Jensen-Shannon Divergence

Tags:

I have another question that I was hoping someone could help me with.

I'm using the Jensen-Shannon-Divergence to measure the similarity between two probability distributions. The similarity scores appear to be correct in the sense that they fall between 1 and 0 given that one uses the base 2 logarithm, with 0 meaning that the distributions are equal.

However, I'm not sure whether there is in fact an error somewhere and was wondering whether someone might be able to say 'yes it's correct' or 'no, you did something wrong'.

Here is the code:

from numpy import zeros, array
from math import sqrt, log


class JSD(object):
    def __init__(self):
        self.log2 = log(2)


    def KL_divergence(self, p, q):
        """ Compute KL divergence of two vectors, K(p || q)."""
        return sum(p[x] * log((p[x]) / (q[x])) for x in range(len(p)) if p[x] != 0.0 or p[x] != 0)

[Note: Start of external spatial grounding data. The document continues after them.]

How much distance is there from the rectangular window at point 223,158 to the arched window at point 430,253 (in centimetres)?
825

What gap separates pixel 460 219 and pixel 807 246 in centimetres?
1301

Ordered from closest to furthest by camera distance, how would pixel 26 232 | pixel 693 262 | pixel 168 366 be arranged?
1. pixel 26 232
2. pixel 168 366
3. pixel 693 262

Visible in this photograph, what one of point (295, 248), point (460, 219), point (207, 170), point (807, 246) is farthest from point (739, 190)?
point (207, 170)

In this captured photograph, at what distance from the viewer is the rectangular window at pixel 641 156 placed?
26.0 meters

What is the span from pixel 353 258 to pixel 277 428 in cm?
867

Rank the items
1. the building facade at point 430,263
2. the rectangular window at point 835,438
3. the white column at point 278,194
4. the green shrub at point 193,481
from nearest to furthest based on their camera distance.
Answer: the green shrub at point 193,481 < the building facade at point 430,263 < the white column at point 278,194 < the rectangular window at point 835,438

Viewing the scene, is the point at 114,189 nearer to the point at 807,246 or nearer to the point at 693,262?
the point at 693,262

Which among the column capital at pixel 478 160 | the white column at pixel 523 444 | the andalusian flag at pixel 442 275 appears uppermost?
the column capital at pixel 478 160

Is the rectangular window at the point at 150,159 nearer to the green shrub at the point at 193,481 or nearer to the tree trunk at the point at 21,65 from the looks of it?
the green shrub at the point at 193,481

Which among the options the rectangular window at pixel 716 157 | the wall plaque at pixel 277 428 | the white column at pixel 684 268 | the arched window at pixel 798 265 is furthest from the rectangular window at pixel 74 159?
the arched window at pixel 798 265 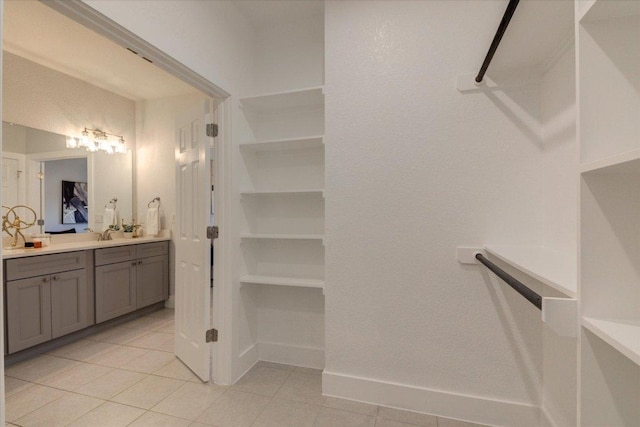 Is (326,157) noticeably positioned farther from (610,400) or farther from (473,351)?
(610,400)

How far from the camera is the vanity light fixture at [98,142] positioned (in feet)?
11.3

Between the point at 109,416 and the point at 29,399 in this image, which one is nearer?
the point at 109,416

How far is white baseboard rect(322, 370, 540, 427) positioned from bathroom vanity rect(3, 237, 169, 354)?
2.51 meters

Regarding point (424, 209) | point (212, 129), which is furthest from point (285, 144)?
point (424, 209)

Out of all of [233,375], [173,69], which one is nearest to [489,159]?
[173,69]

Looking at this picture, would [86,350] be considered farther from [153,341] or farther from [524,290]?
[524,290]

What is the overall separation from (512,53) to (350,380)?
6.88ft

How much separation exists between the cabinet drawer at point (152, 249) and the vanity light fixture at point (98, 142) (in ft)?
4.37

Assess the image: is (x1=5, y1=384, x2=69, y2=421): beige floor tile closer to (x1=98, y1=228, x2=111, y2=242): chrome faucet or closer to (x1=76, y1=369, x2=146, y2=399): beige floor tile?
(x1=76, y1=369, x2=146, y2=399): beige floor tile

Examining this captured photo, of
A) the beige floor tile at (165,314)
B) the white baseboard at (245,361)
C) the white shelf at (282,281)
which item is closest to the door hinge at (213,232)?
the white shelf at (282,281)

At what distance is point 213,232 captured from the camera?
2115mm

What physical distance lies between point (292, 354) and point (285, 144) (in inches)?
67.0

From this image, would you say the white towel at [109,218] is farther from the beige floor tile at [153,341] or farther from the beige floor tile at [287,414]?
the beige floor tile at [287,414]

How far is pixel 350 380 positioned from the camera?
191cm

    def Jensen_Shannon_divergence(self, p, q):
        """ Returns the Jensen-Shannon divergence. """
        self.JSD = 0.0
        weight = 0.5
        average = zeros(len(p)) #Average
        for x in range(len(p)):
            average[x] = weight * p[x] + (1 - weight) * q[x]
            self.JSD = (weight * self.KL_divergence(array(p), average)) + ((1 - weight) * self.KL_divergence(array(q), average))
        return 1-(self.JSD/sqrt(2 * self.log2))

if __name__ == '__main__':
    J = JSD()
    p = [1.0/10, 9.0/10, 0]
    q = [0, 1.0/10, 9.0/10]
    print J.Jensen_Shannon_divergence(p, q)

The problem is that I feel that the scores are not high enough when comparing two text documents, for instance. However, this is purely a subjective feeling.

Any help is, as always, appreciated.

561

asked Apr 08 '13 13:04

Martyn

3 Answers

Note that the scipy entropy call below is the Kullback-Leibler divergence.

See: http://en.wikipedia.org/wiki/Jensen%E2%80%93Shannon_divergence

#!/usr/bin/env python
from scipy.stats import entropy
from numpy.linalg import norm
import numpy as np

def JSD(P, Q):
    _P = P / norm(P, ord=1)
    _Q = Q / norm(Q, ord=1)
    _M = 0.5 * (_P + _Q)
    return 0.5 * (entropy(_P, _M) + entropy(_Q, _M))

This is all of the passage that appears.